12-3336-cv
Torres v. Gristede’s Operating Corp.
UNITED STATES COURT OF APPEALS
FOR THE SECOND CIRCUIT
SUMMARY ORDER
RULINGS BY SUMMARY ORDER DO NOT HAVE PRECEDENTIAL EFFECT. CITATION TO A
SUMMARY ORDER FILED ON OR AFTER JANUARY 1, 2007, IS PERMITTED AND IS GOVERNED BY
FEDERAL RULE OF APPELLATE PROCEDURE 32.1 AND THIS COURT’S LOCAL RULE 32.1.1. WHEN
CITING A SUMMARY ORDER IN A DOCUMENT FILED WITH THIS COURT, A PARTY MUST CITE
EITHER THE FEDERAL APPENDIX OR AN ELECTRONIC DATABASE (WITH THE NOTATION
“SUMMARY ORDER”). A PARTY CITING A SUMMARY ORDER MUST SERVE A COPY OF IT ON ANY
PARTY NOT REPRESENTED BY COUNSEL.
At a stated term of the United States Court of Appeals for the Second Circuit, held at
the Thurgood Marshall United States Courthouse, 40 Foley Square, in the City of New York,
on the 22nd day of May, two thousand thirteen.

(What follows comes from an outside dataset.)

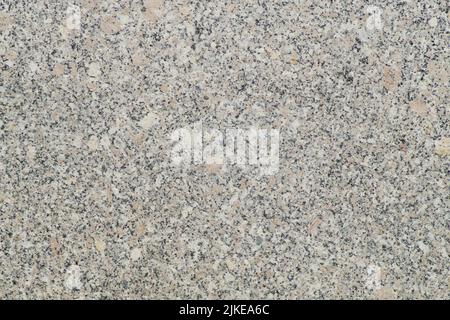 arrière-plan gris granite. Photo verticale. Peut être utilisé pour vos fantasmes de colombe Banque D'Images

PRESENT: CHESTER J. STRAUB,
REENA RAGGI,
Circuit Judges,
BRIAN M. COGAN,
District Judge.*
----------------------------------------------------------------------
CARLOS TORRES, on behalf of himself and all others
similarly situated, LEWIS CHEWNING,
Plaintiffs–Counter-Defendants–Appellees,
BOBBY IRIZARRY, RUBEN MORA, JOSELITO
AROCHO, JOSEPH CREMA, ALFRED CROKER,
FRANK DELEON, MARIO DIPRETA, WILLIAM
HELWIG, ROBERT MISURACA, ROBERT PASTORINO,
VICTOR PHELPS, DANIEL SALEGNA, GILBERTO
SANTIAGO,
Plaintiffs–Appellees,
RAYMOND ALLEN, LLANOS BLAS, NABIL ELFIKY,
MOHAMMED DABASH, CARLOS MARTINEZ, LUIS
MORALES, STEVE GROSSMAN, FRANKLYN
*
Judge Brian M. Cogan, of the United States District Court for the Eastern District
of New York, sitting by designation.
COLLADO, DINO A. ZAINO, PATRICK LABELLA,
ROBERT MASTRONICOLA, ANTHONY BROOKS,
VICTOR BENNETT, CANDIDO MOREL, JOSE
MARTINEZ, WAYNE HENDRICKS, HAROLD HORN,
TROY MILLER, OUSMANE DIATTA, ELLIOT STONE,
TINA RODRIGUEZ, GABRIEL KARAMANIAN, BRIAN
HOMOLA, ANNA GARRETT, NELSON BETANCOURT,
JOSE DELACRUZ, YURI LAMARCHE, MICHAEL
GROSECLOSE, RODOLFO DELEMOS, PIO MOREL,
ABIGAIL CLAUDIO, MALICK DIOUF, DAVID OTTO,
ALEJANDRO MORALES, VICTOR DIAZ, PAUL
PETROSINO, EDUARDO GONZALEZ, JR., JOSE
BONILLA-REYES, VINCENT PEREZ, MARTIN
GONZALEZ, CALVIN ADAMS, WILLIAM FRITZ,
KATHERINE HALPERN, CHRISTIAN TEJADA,
EDWARD STOKES, PLINIO MEDINA, TOWANA
STARKS, LAWSON HOPKINS, RUBEN M. ALEMAN,
EUGENE RYBACKI, EARL CROSS, MANOLO
HIRALDO, ROBERT HAIRSTON,
Plaintiffs,
v. No. 12-3336-cv
GRISTEDE’S OPERATING CORP., NAMDOR, INC.,
GRISTEDE’S FOODS, INC., CITY PRODUCE
OPERATING CORP., GRISTEDE’S FOODS NY, INC.,
Defendants–Counter-Claimants–Appellants,
GALLO BALSECA, JOHN CATSIMATIDIS, JAMES
MONOS,
Defendants–Appellants.
----------------------------------------------------------------------
APPEARING FOR APPELLANTS: IRA N. GLAUBER (Gregory E. Galterio,
Bension D. De Funis, on the brief), Jaffe & Asher
LLP, New York, New York.
APPEARING FOR APPELLEES: JUSTIN M. SWARTZ (Adam T. Klein, Molly A.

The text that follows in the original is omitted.